EXERCISE INSTRUCTIONS | Find the line with "Ini dia maskot" in the entries below. Repeat it, every following line, and the line with "COJIN SAONA 45X45 BLANCO MARFIL", exactly and with nothing added.

------------

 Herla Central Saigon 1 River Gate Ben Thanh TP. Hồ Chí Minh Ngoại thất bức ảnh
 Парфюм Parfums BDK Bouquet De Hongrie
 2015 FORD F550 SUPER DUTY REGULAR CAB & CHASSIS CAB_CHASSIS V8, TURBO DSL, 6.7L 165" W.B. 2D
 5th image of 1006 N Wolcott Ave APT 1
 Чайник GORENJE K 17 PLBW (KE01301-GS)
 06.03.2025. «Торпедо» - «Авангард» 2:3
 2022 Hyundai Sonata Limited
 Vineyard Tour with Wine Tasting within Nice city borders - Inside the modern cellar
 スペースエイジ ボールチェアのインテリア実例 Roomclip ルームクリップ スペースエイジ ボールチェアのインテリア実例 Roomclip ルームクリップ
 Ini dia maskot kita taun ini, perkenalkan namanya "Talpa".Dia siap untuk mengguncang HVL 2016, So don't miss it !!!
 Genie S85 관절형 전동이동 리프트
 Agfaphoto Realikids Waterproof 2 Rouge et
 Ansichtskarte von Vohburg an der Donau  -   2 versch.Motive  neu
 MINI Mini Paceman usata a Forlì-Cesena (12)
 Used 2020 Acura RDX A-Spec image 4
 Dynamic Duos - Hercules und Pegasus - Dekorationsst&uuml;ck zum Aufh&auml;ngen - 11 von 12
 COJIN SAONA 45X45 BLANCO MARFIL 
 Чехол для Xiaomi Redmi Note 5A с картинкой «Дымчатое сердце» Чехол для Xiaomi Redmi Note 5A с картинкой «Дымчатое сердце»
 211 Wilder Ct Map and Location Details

------------

ANSWER TO THE PROBLEM |
 Ini dia maskot kita taun ini, perkenalkan namanya "Talpa".Dia siap untuk mengguncang HVL 2016, So don't miss it !!!
 Genie S85 관절형 전동이동 리프트
 Agfaphoto Realikids Waterproof 2 Rouge et
 Ansichtskarte von Vohburg an der Donau  -   2 versch.Motive  neu
 MINI Mini Paceman usata a Forlì-Cesena (12)
 Used 2020 Acura RDX A-Spec image 4
 Dynamic Duos - Hercules und Pegasus - Dekorationsst&uuml;ck zum Aufh&auml;ngen - 11 von 12
 COJIN SAONA 45X45 BLANCO MARFIL 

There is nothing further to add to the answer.